7.2 OpenRouter Provider Config (openclaw.json excerpt)

{
  "providers": {
    "openrouter": {
      "base_url": "http://127.0.0.1:8100/v1",
      "auth_profiles": [
        { "id": "primary", "key": "SECRET_REF(openrouter_key_1)" },
        { "id": "secondary", "key": "SECRET_REF(openrouter_key_2)" }
      ],
      "rotation_strategy": "round-robin-on-failure",
      "timeout_ms": 60000,
      "retry": {
        "max_attempts": 3,
        "backoff_ms": [1000, 5000, 15000]
      }
    }
  },
  "model": {
    "primary": "deepseek/deepseek-v3.2",
    "fallback": ["minimax/minimax-m2.5", "openai/gpt-5-nano"]
  }
}

Note: base_url points to the local secrets proxy (127.0.0.1:8100) which handles credential injection and outbound redaction before forwarding to OpenRouter's actual API.

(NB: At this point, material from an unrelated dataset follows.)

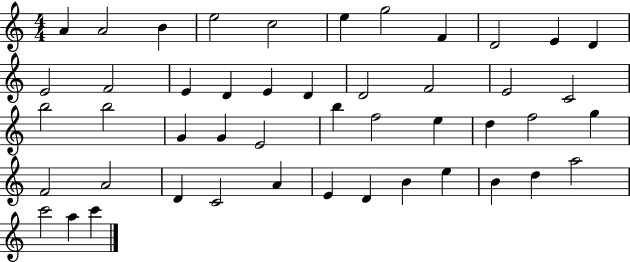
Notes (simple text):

A4/q A4/h B4/q E5/h C5/h E5/q G5/h F4/q D4/h E4/q D4/q E4/h F4/h E4/q D4/q E4/q D4/q D4/h F4/h E4/h C4/h B5/h B5/h G4/q G4/q E4/h B5/q F5/h E5/q D5/q F5/h G5/q F4/h A4/h D4/q C4/h A4/q E4/q D4/q B4/q E5/q B4/q D5/q A5/h C6/h A5/q C6/q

8. Implementation Priorities

Priority Component Effort Dependencies
P0 Basic preset routing (3 presets → model selection) 1 week Safety Wrapper skeleton
P0 Fallback chain with auth rotation 1 week OpenRouter integration
P0 Token metering and pool tracking 2 weeks Hub billing endpoints
P1 Agent routing (Dispatcher SOUL.md) 1 week SOUL.md templates
P1 Prompt caching with heartbeat keep-warm 3 days OpenClaw caching config
P1 Loop detection (Safety Wrapper layer) 3 days Safety Wrapper hooks
P2 Per-agent model overrides 3 days Hub agent config UI
P2 Premium model gating (credit card check) 1 week Hub billing + Stripe
P2 Token budget alerts 3 days Hub notification system
P3 Multi-agent coordination (parallel delegation) 2 weeks Agent-to-agent messaging
P3 Per-task model override (future) 1 week Conversation context detection
P3 Customer usage dashboard 1 week Hub frontend

9. Changelog

Version Date Changes
1.0 2026-02-26 Initial spec. Agent routing via Dispatcher. Model presets (Basic/Balanced/Complex). Fallback chains with auth rotation. Token pool management. Prompt caching strategy. Rate limiting. Configuration reference. Implementation priorities.